REDWOOD VALLEY, Calif. (AP) — A teenage girl died in a hospital three weeks after she was severely burned in a fire that tore through Mendocino County, California, raising the number of those killed in the state’s wildfires this month
REDWOOD VALLEY, Calif. (AP) — A teenage girl died in a hospital three weeks after she was severely burned in a fire that tore through Mendocino County, California, raising the number of those killed in the state’s wildfires this month to 43.
Kressa Shepherd, 17, died Sunday night at a Sacramento hospital, her aunt, Mindi Ramos, said Monday.
Doctors at Shriners Hospital for Children noticed Kressa did not register pain during a change of the dressing on her burns, Ramos said. After performing a CAT scan, they determined she was brain-dead, the aunt said.
“They kept her alive so we could say goodbye and eventually stopped the machines that were assisting her,” Ramos said.
A neighbor found Kressa, who was a junior at Ukiah High School, and her mother lying on the ground outside their home in a rural neighborhood in Redwood Valley. Both had more than half their bodies burned.
Kressa’s brother, 14-year-old Kai Shepherd, was found dead. He among the youngest who died in the wildfires.
First responders found their father, Jon Shepherd, separately, on the mountain. He was also badly burned but alive.
The Shepherds apparently tried to outrun the flames as the home their father built burned down.
Sara, 40, and Jon Shepherd, 44, remain hospitalized and have gone through several grafting surgeries.
Sara had burns in over 60 percent of her body and is at UC Davis Medical Center, in Sacramento.

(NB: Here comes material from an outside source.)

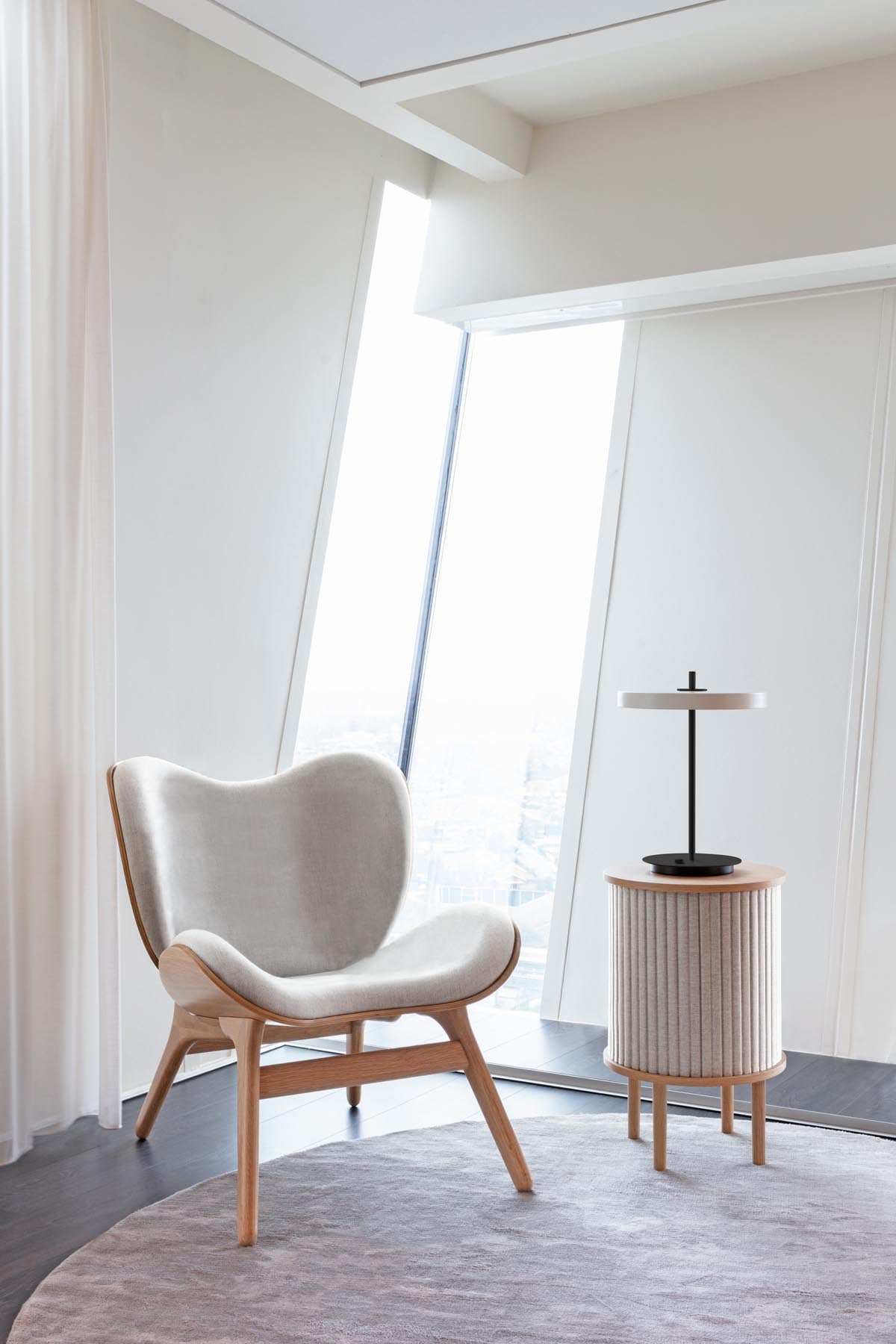 Moderne Asteria Tischleuchte in sanftem Pearl White, kombiniert mit einem eleganten schwarzen Fuß, perfekt für eine stilvolle Raumgestaltung.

Jon was burned over 45 percent of his body and is hospitalized in stable condition at St. Francis Memorial Hospital’s burn unit in San Francisco, Ramos said.

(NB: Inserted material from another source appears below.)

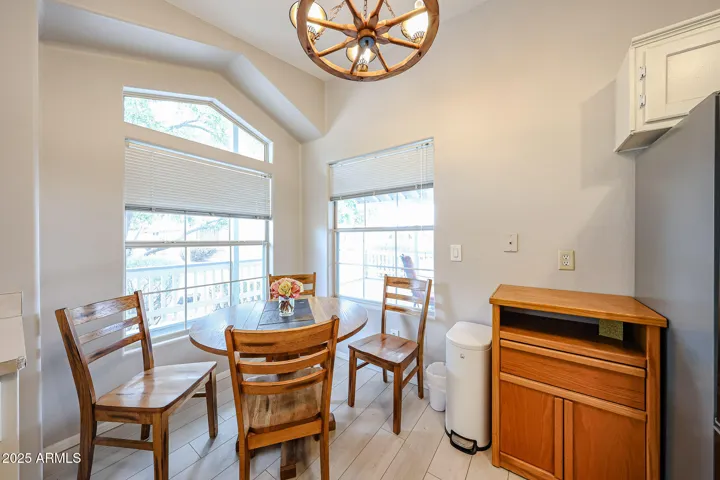 Nook area for kitchen table looks out to front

Her sister and brother-in-law are conscious but only talk in whispers, she said. They have not asked questions about what happened, Ramos said.
“We don’t know how much they remember from that day. But we were advised to not give them the tragic news about their children unless they ask,” Ramos said.

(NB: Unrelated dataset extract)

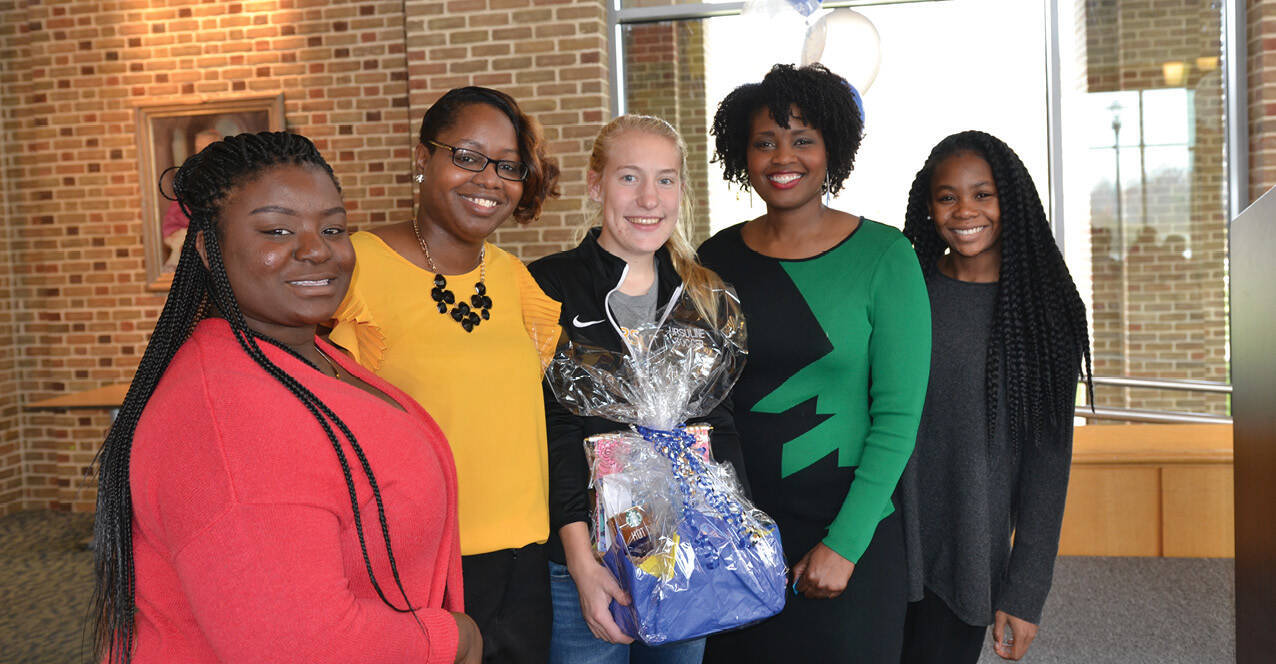 Tiffany Tarpley greets Ursuline students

She said her family is staying strong for her sister.
“Her entire life has been devastated, and we’re just taking it one breath at a time, one minute at a time,” Ramos said.
The wildfires that started the night of Oct. 8 and swept across a wide area north of San Francisco are the deadliest and most destructive the state has ever seen. While much of the devastation is in Sonoma and Napa counties, the heart of California’s wine country, fire also wiped out a swath of Redwood Valley, a community of about 1,800 roughly 70 miles (113 kilometers) north in Mendocino County.
Firefighters expect to fully contain the fatal fires that destroyed nearly 9,000 homes and businesses this week.